AFP548 Site News April 30, 2020 at 8:51 am

Code Wranglers Speak In Tongues (Generally)

It is commonly said that python tends to be at least the second-best tool to reach for when approaching a task, whereas some of us get by just fine with shell. The lack of a compilation step for scripting languages tends to help us iterate and ship good-enough solutions quickly, and I’ll be touching on specific style points for both later. For how sysadmins commonly interact with either language, for glue code or tasks to automate, some guidelines I tend to focus on are equally applicable across both.

To even be able to look at the style used (instead of extracting the code from whatever prod system it’s running on…) we need to get it in a more share-able format at least. Although we’ve already touched on git, you don’t actually need to know proper care and feeding of a repo to let others see your code at whatever state it’s in; sites like Pastebin have been around forever, GitLab has a snippets concept, and GitHub gists can even accept multiple files in a single page. GitHub then tracks versions for you mimicking a simplified repo. Some of these sites accept anonymous posts, and some links can be shared ‘privately’ (for anyone with the link, not even limited to logged-in users with an account) without being discoverable/indexed by search engines – handy when wanting to share (ahem hopefully sanitized) log files or debug output, as a more general-purpose usage example.

It’s all downhill from here

Now before I go further, don’t get me wrong – my pet peeves are not important, and neither is my opinion. (Until it is, intuition is a real thing dedicated practitioners might develop over time. If at all, ever.) Don’t take it personally if you blissfully do the things I’m warning against, or ignore the things I’m advocating for in your code, even though I obviously consider these important enough to write (at length!) about.
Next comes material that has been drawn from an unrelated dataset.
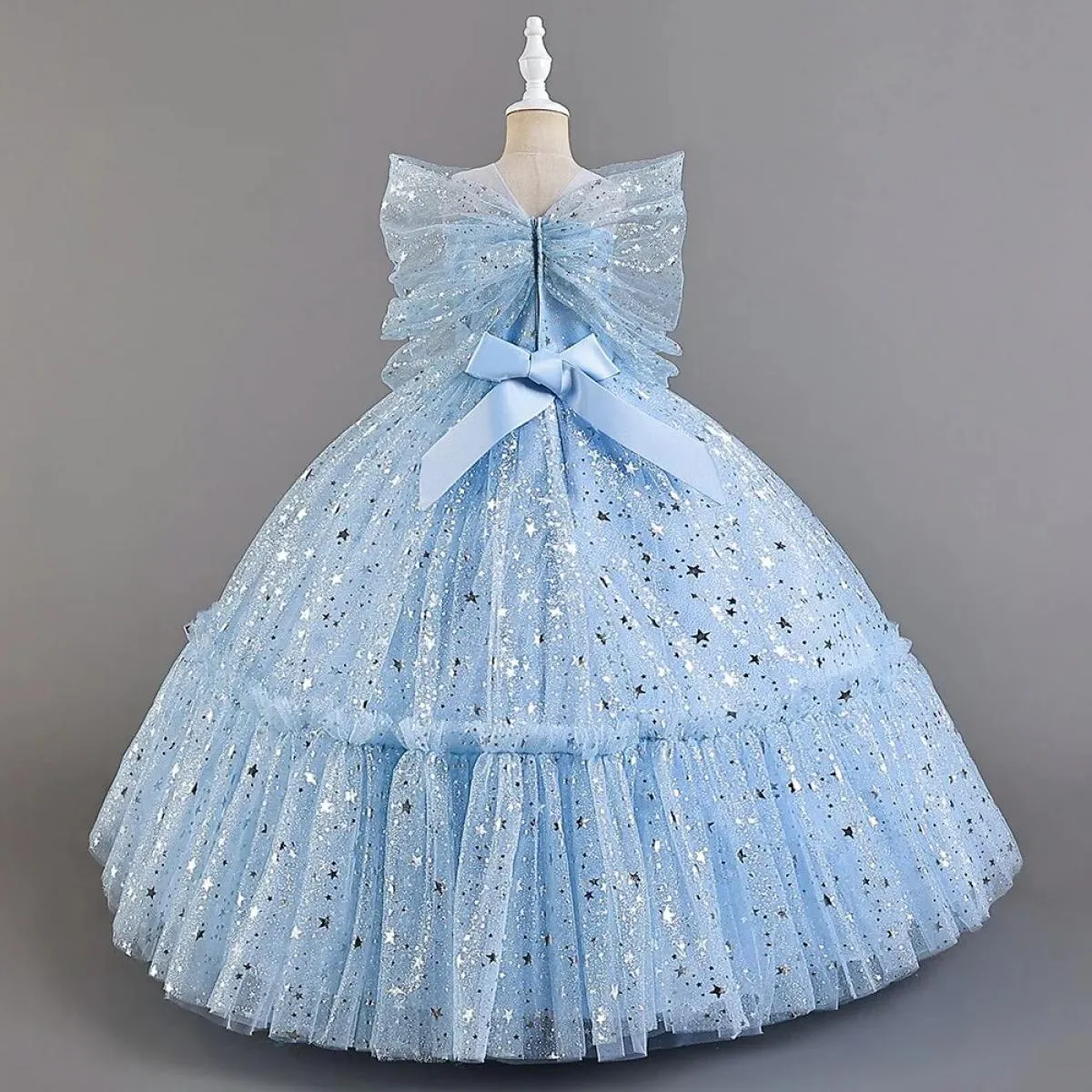 Abito per bambini di lusso Flower Boy Halloween Paillettes Er Fluffy Dress 4 14 anni 2023 Abito da sposa Costume da ragazza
Maybe I’m just ‘owning the brand’ of being a snob/elitist, but as with anything in life, you either complete tasks where you only care about the goal/’it appears to do the thing’, or you show care about the process and let it influence how you operate (on code). All of this is for as much as you both find relevant, personally, and like, remember/take the time/effort to do. Real scientists publish ship.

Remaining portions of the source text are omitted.